Xhaka hätte offensichtlich nichts dagegen einzuwenden gehabt, wenn er im Zentrum etwas mehr gefordert worden wäre. Stattdessen durfte er erstaunlich viele Freiheiten geniessen, auch das 3:0 ungestört vorbereiten und gegen Ende der Partie Kräfte schonen. Oder wie er es formulierte: «Wir haben alle einen Gang zurückgeschaltet.» Das konnte mit Blick auf Sonntag und die Fortsetzung des Meisterschaftsbetriebs bei Bayer Lever­kusen nicht schaden. Nur einen Vorwurf liess Xhaka zu: dass die Glad­bacher zu wenig Tore erzielt hatten. «Dieses 3:0 ist schon in Ordnung», sagte er, «aber gemessen an unseren vielen Möglichkeiten ist das eher zu wenig.»

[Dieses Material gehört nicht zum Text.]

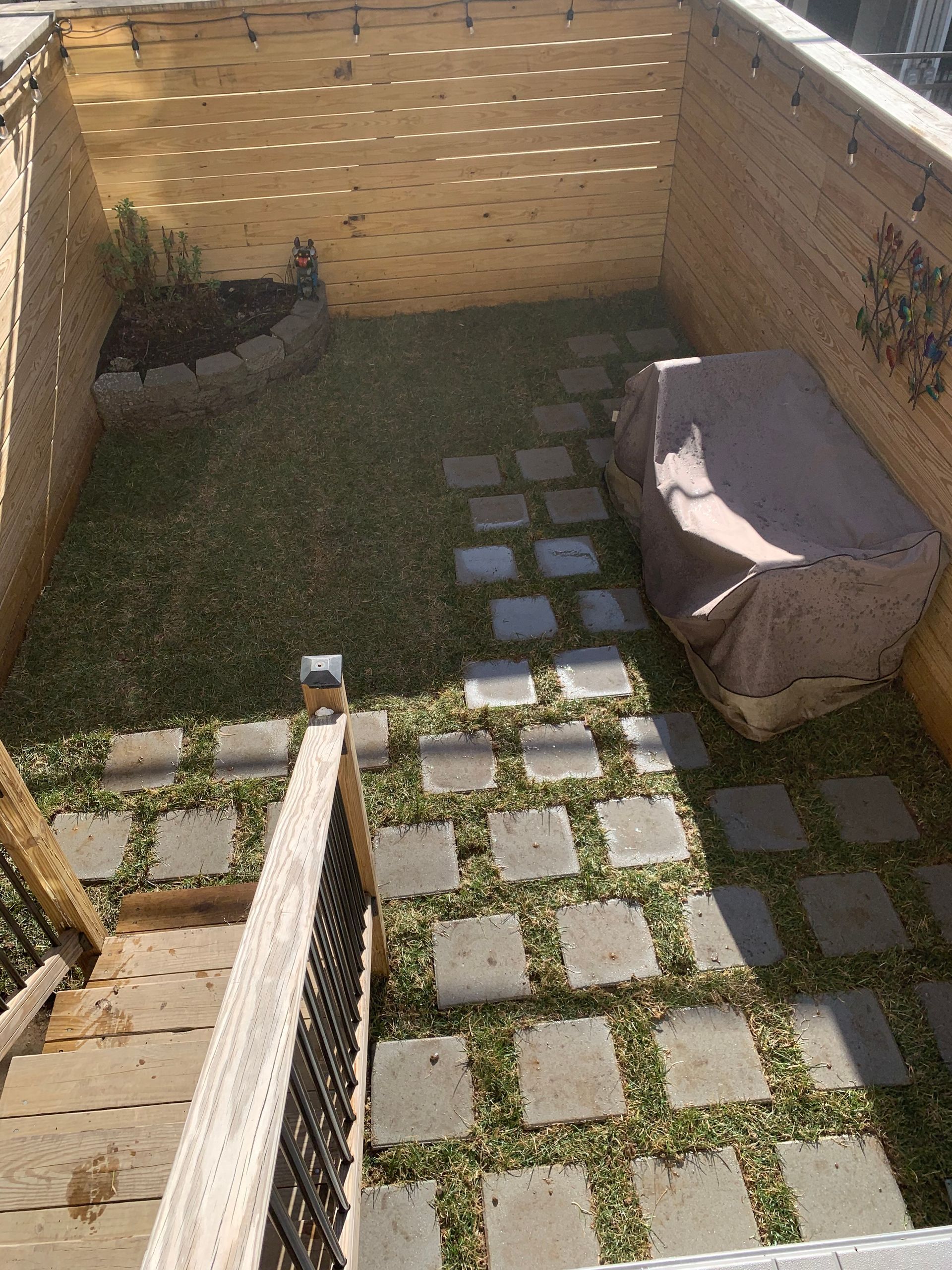 A backyard with a wooden fence, grass, a stone paver path, and a grill covered by a tan tarp, viewed from a deck staircase.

Yann Sommer, Xhakas Schweizer Kollege bei den Deutschen, führte die Überlegenheit primär auf die eigenen Stärken zurück: «Wir waren dominant, konzentriert. Der Ball zirkulierte gut, und wir liessen es nie zu, dass Schönbächler oder Chikhaoui mehr Einfluss nehmen konnten.»

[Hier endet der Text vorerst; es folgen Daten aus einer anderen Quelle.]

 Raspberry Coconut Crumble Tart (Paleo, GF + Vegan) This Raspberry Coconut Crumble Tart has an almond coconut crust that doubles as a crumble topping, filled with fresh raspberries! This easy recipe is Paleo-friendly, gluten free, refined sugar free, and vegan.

«Gladbach auf anderem Niveau»

Und die Zürcher? Sie zogen sich zuerst für ein paar Minuten in die Kabine zurück, um das Erlebte zu verarbeiten. Danach taten sie sich schwer, Erklärungen für das Geschehen zu finden. Oliver Buff, der Nothelfer in der zentralen Abwehr, nahm einen zögerlichen Anlauf: «Es kam überhaupt nicht so heraus, wie wir uns das vorgestellt hatten. Jetzt fahren wir enttäuscht nach Hause.» Davide Chiumiento bilanzierte «unnötige Gegen­tore» und sagte: «Das Ergebnis spricht eine klare Sprache.» Dann tauchte Captain Yassine Chikhaoui auf und brachte es mit wenigen Worten auf den Punkt. Seine Erkenntnis: «Mönchen­gladbach spielt halt auf einem anderen Niveau als wir.»

Dann ging er. Und anzusehen war ihm: Er hatte nichts dagegen, dass es endlich vorbei war. (pmb.)